One of the coolest things about the Imperial Palace auto collection is that it's always changing. Every time you visit you'll see a different display of vintage and collectible autos. Why's that? Because the Imperial Palace teams with www.autocollections.com to buy and sell vintage autos through the collection. That's right, any time you visit, quite a few of the cars you view are actually for sale! If you own a vintage auto, you can also list it with Auto Collections and have your cars displayed for sale on the collection floor. So, if you're in the market for a hot rod or two, you need to check out the Imperial Palace auto collection, you never know just what you'll find!
One central part of the Imperial Palace collection are the various cars that belonged to U.S. Presidents. It's interesting to see how the presidential limos have morphed through the years. George W. Bush's Cadillac SUV looks like a futuristic ride next to these relics of the past. You can check out President Eisenhower's 20-foot long 1952 Chrysler Imperial or President Truman's 1950 Lincoln Cosmopolitan, complete with a gold-plated interior (certainly not politically correct today). Less flashy is President Roosevelt's 1936 V-16 Cadillac limo, and President Kennedy's 1962 Lincoln Continental (not the car he was riding in Dallas when he was assassinated, by the way). While some of the collection rotates, keeping it fresh and new, these cars stay put, so you can see them whenever you plan to visit the collection.
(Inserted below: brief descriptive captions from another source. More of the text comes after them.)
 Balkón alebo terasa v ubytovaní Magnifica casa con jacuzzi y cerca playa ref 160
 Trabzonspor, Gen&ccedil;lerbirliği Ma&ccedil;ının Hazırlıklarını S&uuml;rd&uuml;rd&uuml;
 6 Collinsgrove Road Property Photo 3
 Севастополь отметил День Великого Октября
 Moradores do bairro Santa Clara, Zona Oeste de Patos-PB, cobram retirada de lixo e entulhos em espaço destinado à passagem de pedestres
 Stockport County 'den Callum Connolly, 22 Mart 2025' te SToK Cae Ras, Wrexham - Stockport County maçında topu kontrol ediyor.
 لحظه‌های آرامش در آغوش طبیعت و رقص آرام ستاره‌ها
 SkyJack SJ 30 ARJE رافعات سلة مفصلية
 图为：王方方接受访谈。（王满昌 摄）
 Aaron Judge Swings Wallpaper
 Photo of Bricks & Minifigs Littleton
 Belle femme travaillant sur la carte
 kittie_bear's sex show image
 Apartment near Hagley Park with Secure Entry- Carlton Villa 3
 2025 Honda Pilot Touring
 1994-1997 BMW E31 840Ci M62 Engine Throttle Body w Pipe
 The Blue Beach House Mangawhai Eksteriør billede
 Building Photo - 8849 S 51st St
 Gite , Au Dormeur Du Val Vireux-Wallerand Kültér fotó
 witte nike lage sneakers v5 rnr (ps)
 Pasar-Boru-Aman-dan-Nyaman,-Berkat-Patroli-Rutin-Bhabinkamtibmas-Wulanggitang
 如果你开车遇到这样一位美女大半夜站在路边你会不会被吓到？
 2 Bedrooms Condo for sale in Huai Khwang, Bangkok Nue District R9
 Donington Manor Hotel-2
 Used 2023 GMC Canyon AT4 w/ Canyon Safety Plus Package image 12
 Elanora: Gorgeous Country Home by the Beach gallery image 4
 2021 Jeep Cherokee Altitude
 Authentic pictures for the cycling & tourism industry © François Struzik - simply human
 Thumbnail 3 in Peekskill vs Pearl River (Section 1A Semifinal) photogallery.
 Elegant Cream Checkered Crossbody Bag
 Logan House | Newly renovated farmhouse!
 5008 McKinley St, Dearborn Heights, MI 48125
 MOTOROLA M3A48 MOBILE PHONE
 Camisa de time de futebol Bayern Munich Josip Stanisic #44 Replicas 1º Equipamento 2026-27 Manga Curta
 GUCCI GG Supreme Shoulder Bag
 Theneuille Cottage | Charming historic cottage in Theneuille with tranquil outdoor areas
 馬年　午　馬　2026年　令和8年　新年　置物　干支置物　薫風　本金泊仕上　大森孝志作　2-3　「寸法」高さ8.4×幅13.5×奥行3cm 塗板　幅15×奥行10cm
Car fanatics have known about the car collection at the Imperial Palace on the Strip for years (over 20), but even a lot of locals have never taken in the collection. The exhibit includes over 200 vintage cars that will conjure up nostalgic memories in just about every visitor. You can see cars of the stars, and a wide variety of classic autos from every era, chrome to Corvette. One of the best things about this collection is the lack of crowds. Unlike other Strip venues, the car collection just isn't as busy as many other locations, so if you don't enjoy big crowds, this is the entertainment for you. The kids will love it too! Best of all, admission is free, just stop at the Redemption Counter on the main floor of the Imperial Palace Casino and ask for free admission passes. The collection is open daily from 9:30am to 9:30pm, and it's located on the fifth floor of the self-parking garage at the Imperial Palace. By the way, you'd better make plans to see the collection soon, the Imperial Palace has been sold and may be demolished as early as 2006.
Did you know the slang expression "it's a doozy" originated with the name of this prestigious and classic auto? Well, it's true. The Duesenberg was one of the most opulent and classy cars of its' time when it was produced in the 1920s and 30s. It just so happens the Imperial Palace owns the world's largest collection of the Model J version of these cars, and you can visit anytime you visit Las Vegas. The Palace owns and exhibits 43 of the Deuseys, worth over $50 million dollars. The Duesenbergs are located in their own special exhibit room which includes a bar and lounge, so you can take your time looking over these vintage beauties. Deuseys sold for $20,000 in their prime, and in today's market that equates to about $1 million apiece, so now you know why wealthy stars and royalty simply loved these coveted cars!